# Toshiba 65H14 picture issues



## toshiba65H14 (Aug 15, 2008)

This my first post, so please be understanding...

I have owned a Toshiba 65H14 for 3 years and it is JUST out of warranty... Now the picture chooses when to turn itself on and off no matter what is being viewed, the time of day, if the TV is warm or cold. After calling Toshiba support, poor choice, they are advising me to call a techncian to come to my house. I am out of their trained technicians travel area. In doing web research on my own, many distressing stories are unable to fix the problem after spending $500-700 (the web also calls this issue a "brown out"). 

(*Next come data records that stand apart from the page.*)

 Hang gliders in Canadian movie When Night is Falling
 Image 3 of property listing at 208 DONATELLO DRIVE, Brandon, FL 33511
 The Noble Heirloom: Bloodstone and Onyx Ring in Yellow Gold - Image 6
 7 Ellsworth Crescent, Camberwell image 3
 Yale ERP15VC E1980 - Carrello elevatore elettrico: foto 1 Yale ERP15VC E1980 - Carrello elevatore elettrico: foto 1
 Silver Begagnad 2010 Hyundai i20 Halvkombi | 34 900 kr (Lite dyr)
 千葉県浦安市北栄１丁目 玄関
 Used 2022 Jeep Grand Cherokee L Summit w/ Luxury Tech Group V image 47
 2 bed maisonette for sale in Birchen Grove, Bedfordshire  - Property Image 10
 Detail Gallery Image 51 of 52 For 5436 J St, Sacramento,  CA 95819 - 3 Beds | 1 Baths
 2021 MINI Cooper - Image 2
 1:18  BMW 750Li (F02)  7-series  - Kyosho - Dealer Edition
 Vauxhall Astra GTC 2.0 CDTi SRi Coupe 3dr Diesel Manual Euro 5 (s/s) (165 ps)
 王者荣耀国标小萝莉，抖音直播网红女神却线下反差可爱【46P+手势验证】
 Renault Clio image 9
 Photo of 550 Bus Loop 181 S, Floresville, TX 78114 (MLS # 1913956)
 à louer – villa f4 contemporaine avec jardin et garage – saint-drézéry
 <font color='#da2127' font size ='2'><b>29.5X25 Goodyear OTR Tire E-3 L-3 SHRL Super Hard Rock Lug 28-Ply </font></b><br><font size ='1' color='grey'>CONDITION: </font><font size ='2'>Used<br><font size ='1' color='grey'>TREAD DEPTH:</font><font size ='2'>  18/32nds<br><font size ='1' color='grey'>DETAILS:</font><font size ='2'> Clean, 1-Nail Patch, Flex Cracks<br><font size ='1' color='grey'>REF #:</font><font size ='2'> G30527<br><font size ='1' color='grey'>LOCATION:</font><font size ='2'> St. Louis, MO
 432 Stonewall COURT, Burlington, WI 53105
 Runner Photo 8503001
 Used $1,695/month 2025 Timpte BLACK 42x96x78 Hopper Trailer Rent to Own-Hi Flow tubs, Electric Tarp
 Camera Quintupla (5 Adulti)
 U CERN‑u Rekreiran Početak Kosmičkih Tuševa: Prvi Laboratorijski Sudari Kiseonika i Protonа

Any advice on how to attempt to fix it prior to spending a lot of money or dubbing it as a $2200 feature coffee table in our living room?


----------



## richard matthews (Aug 25, 2008)

no guaranty but try this :
a. replace (IC) Q306 on the Power / Deflection board - Part Number 70119059
b. from the bottom of the Power / Deflection board add a zener diode part number
23357884 with the cathode lead soldered to jumper JP001 (Q306 pin 4) and
the anode lead attached to ground
c. place a small piece of insulating tape between the zener and the pcb​d. clean it up, trim leads and check for solder bridges (shorts).


----------